Mr. LaBar said Mr. Kohberger and his father had decided in August, when the semester began, that they would drive across the country to Pennsylvania together during the winter break.
The four University of Idaho student victims — Madison Mogen, 21; Kaylee Goncalves, 21; Xana Kernodle, 20; and Ethan Chapin, 20 — were killed in a home near campus where three of them lived. The one male victim, Mr. Chapin, was there visiting his girlfriend, Ms. Kernodle.
Friends and relatives of at least one victim, Ms. Goncalves, have said that they are looking to see if they can find any connections.
“I’m biased, but if he’d got to know my daughter, I think it’d be impossible for you to hurt her,” Ms. Goncalves’s father, Steve Goncalves, told NewsNation.
Shanon Gray, a lawyer for the Goncalves family, said family members were planning to attend Mr. Kohberger’s initial appearance in Idaho and to have a representative at all subsequent hearings in the prosecution.
“They want to look in his eyes and let him know they are there and are going to be there,” he said.
Katie Blomgren, who is studying psychology at the University of Idaho and knew Ms. Goncalves and Ms. Mogen since they were all 11, said she was among those struggling to understand the connections, if any, between Mr. Kohberger and the victims.

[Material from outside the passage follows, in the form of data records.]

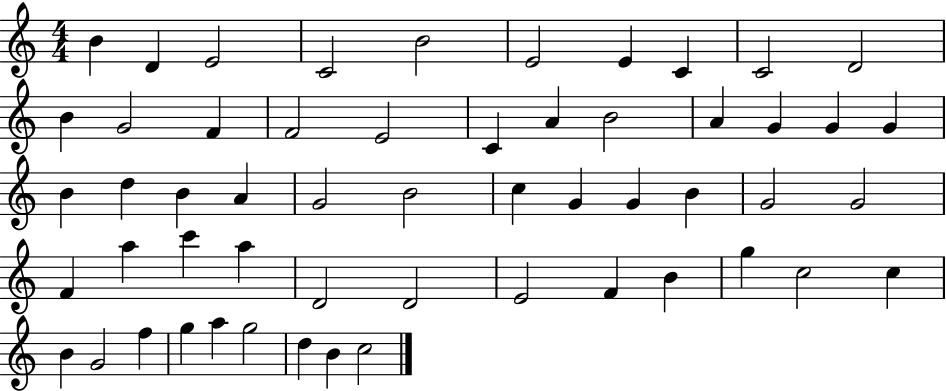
X:1
T:Untitled
M:4/4
L:1/4
K:C
B D E2 C2 B2 E2 E C C2 D2 B G2 F F2 E2 C A B2 A G G G B d B A G2 B2 c G G B G2 G2 F a c' a D2 D2 E2 F B g c2 c B G2 f g a g2 d B c2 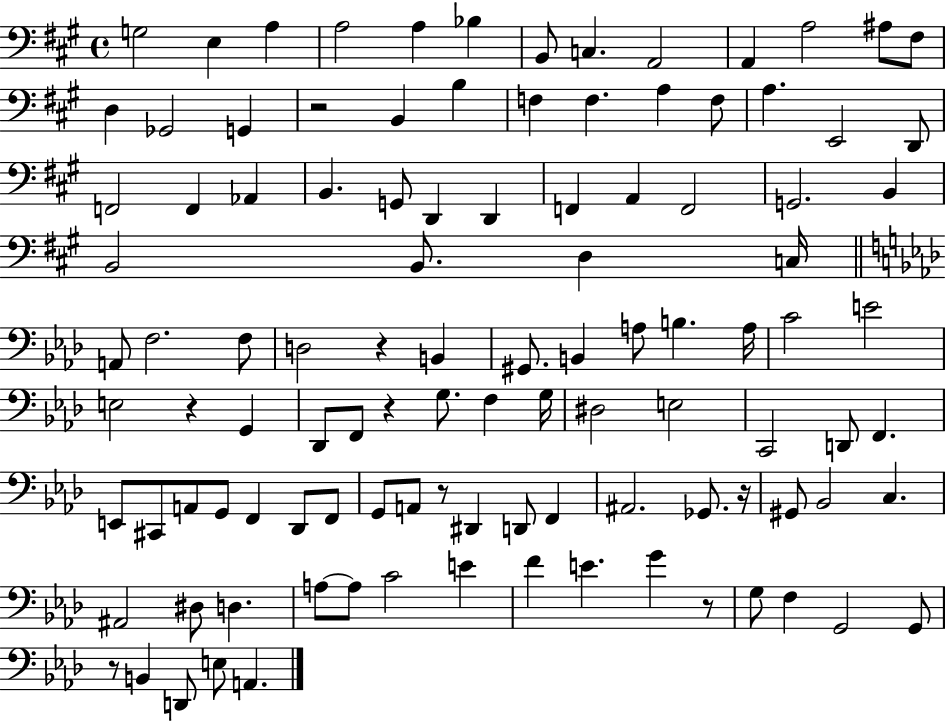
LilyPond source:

{
  \clef bass
  \time 4/4
  \defaultTimeSignature
  \key a \major
  g2 e4 a4 | a2 a4 bes4 | b,8 c4. a,2 | a,4 a2 ais8 fis8 | \break d4 ges,2 g,4 | r2 b,4 b4 | f4 f4. a4 f8 | a4. e,2 d,8 | \break f,2 f,4 aes,4 | b,4. g,8 d,4 d,4 | f,4 a,4 f,2 | g,2. b,4 | \break b,2 b,8. d4 c16 | \bar "||" \break \key aes \major a,8 f2. f8 | d2 r4 b,4 | gis,8. b,4 a8 b4. a16 | c'2 e'2 | \break e2 r4 g,4 | des,8 f,8 r4 g8. f4 g16 | dis2 e2 | c,2 d,8 f,4. | \break e,8 cis,8 a,8 g,8 f,4 des,8 f,8 | g,8 a,8 r8 dis,4 d,8 f,4 | ais,2. ges,8. r16 | gis,8 bes,2 c4. | \break ais,2 dis8 d4. | a8~~ a8 c'2 e'4 | f'4 e'4. g'4 r8 | g8 f4 g,2 g,8 | \break r8 b,4 d,8 e8 a,4. | \bar "|."
}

“I’ve never seen him or heard of him,” said Ms. Blomgren, 21.
The killings took place after a seemingly typical Saturday night of college partying. Ms. Kernodle and Mr. Chapin had gone to a party at his fraternity, while Ms. Mogen and Ms. Goncalves went to a bar in town. In a statement on Twitter on Monday night, the bar where Ms. Mogen and Ms. Goncalves had spent the night, Corner Club, said the suspect “was not and has not been” at the bar before.
All four victims had arrived back at the house by 2 a.m.

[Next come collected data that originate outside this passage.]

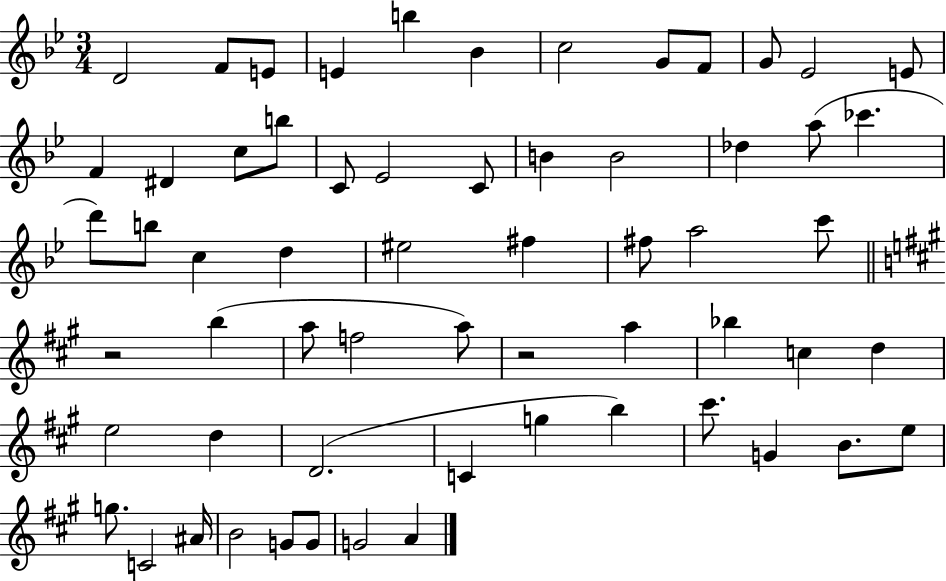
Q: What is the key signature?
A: BES major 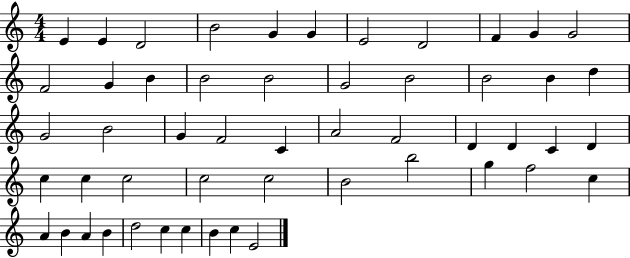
E4/q E4/q D4/h B4/h G4/q G4/q E4/h D4/h F4/q G4/q G4/h F4/h G4/q B4/q B4/h B4/h G4/h B4/h B4/h B4/q D5/q G4/h B4/h G4/q F4/h C4/q A4/h F4/h D4/q D4/q C4/q D4/q C5/q C5/q C5/h C5/h C5/h B4/h B5/h G5/q F5/h C5/q A4/q B4/q A4/q B4/q D5/h C5/q C5/q B4/q C5/q E4/h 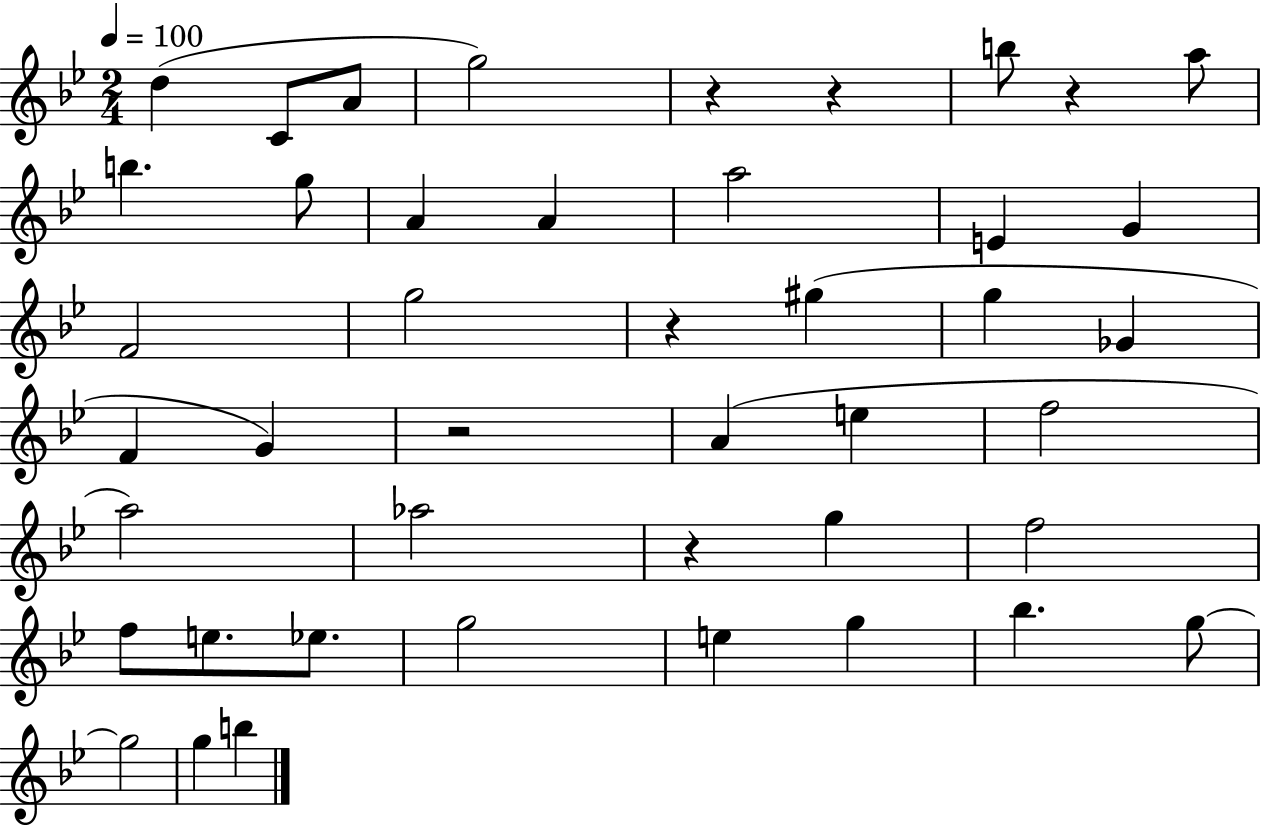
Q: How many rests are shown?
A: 6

Also in the three-story residence were two female roommates who apparently slept through the killings and were not harmed. The police have said that when the roommates awoke the next morning, they called friends over to the house, not knowing of the horrors that had unfolded on the second and third floors, and then someone in the group called 911.
As details about the killing emerged and no suspect was arrested, many University of Idaho students left Moscow early for Thanksgiving break and did not return afterward, choosing instead to take classes online. Those who did return to campus said they were double-checking the locks on their doors and windows and were avoiding going out at night.
The police have said they believe a long knife was used in the killings but that they have not found the murder weapon.
Mr. Kohberger had enrolled in the Washington State program after studying criminology and psychology at DeSales University in Center Valley, Pa., where he had helped with a study about what people thought about and felt while they committed crimes.
Friends of Mr. Kohberger described him as having long been interested in psychology. He had previously worked as a security guard for the Pleasant Valley School District in Pennsylvania, the same district in which he attended high school.
David DeKok reported from Stroudsburg, Pa., and Nicholas Bogel-Burroughs from Moscow, Idaho. Mike Baker contributed reporting.